Information provided below:
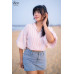 Puff Sleeve Red Stripe Crop Blouse Puff Sleeve Red Stripe Crop Blouse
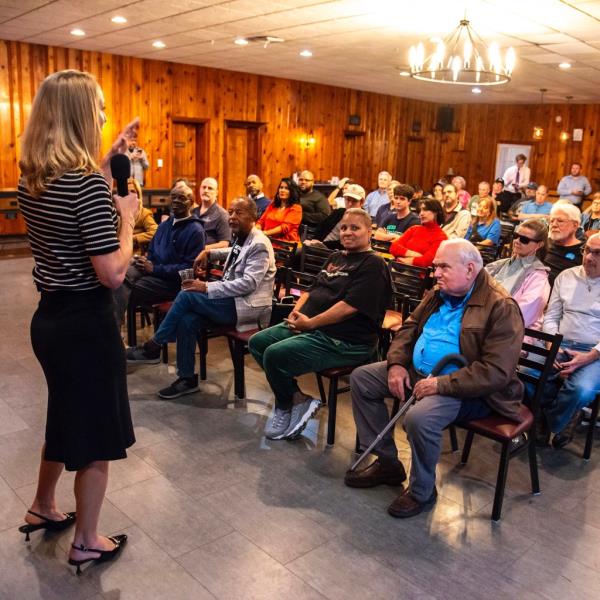 Sue Altman, candidate for the House of Representatives in NJ participates in a town hall meeting in Warren County, Sept. 28, 2024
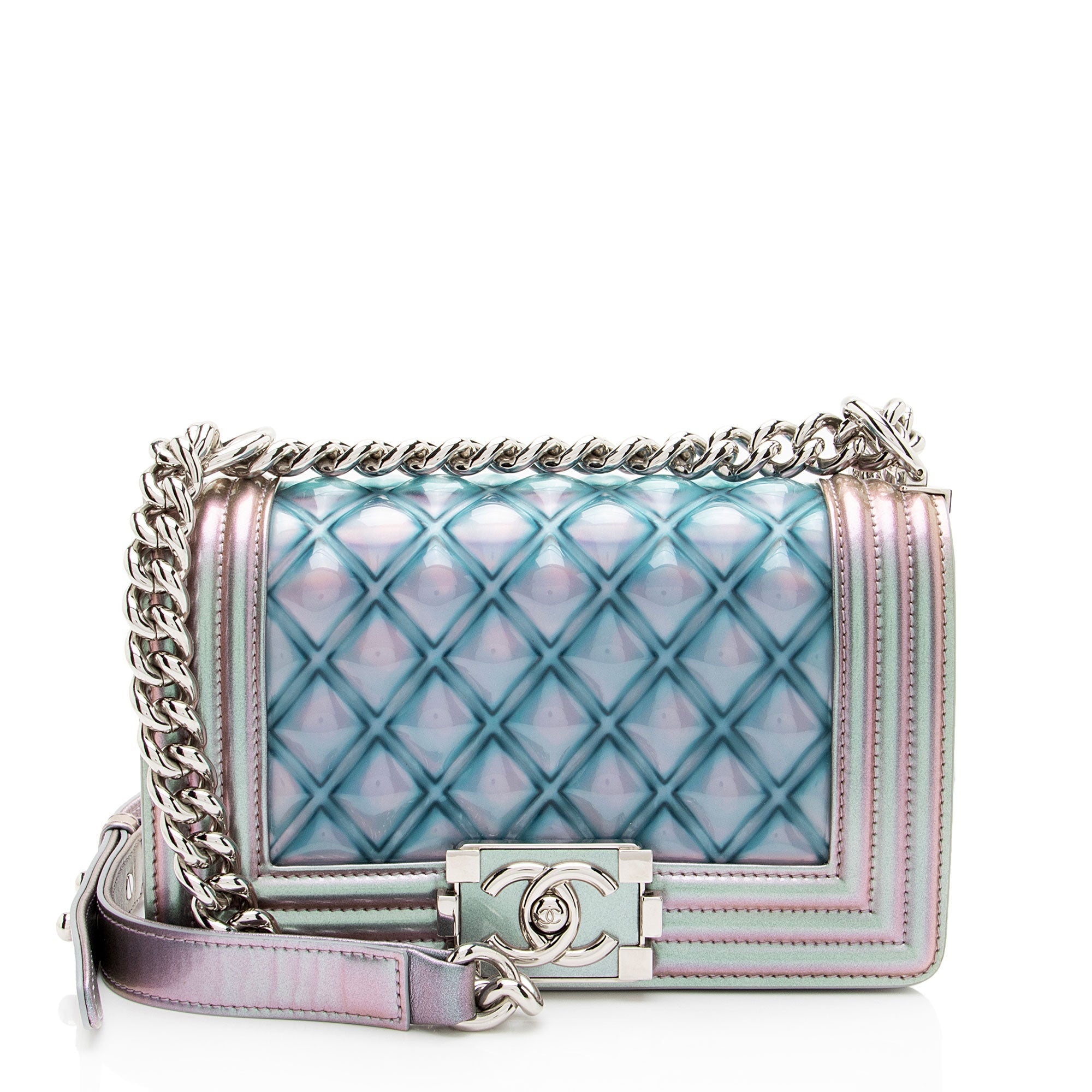 Chanel Iridescent Quilted PVC Calfskin Small Boy Bag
End of Information provided.
**Required action**
Working from the material above, transcribe it exactly while omitting pictures.

**Answer box**
 Puff Sleeve Red Stripe Crop Blouse Puff Sleeve Red Stripe Crop Blouse
 Sue Altman, candidate for the House of Representatives in NJ participates in a town hall meeting in Warren County, Sept. 28, 2024
 Chanel Iridescent Quilted PVC Calfskin Small Boy Bag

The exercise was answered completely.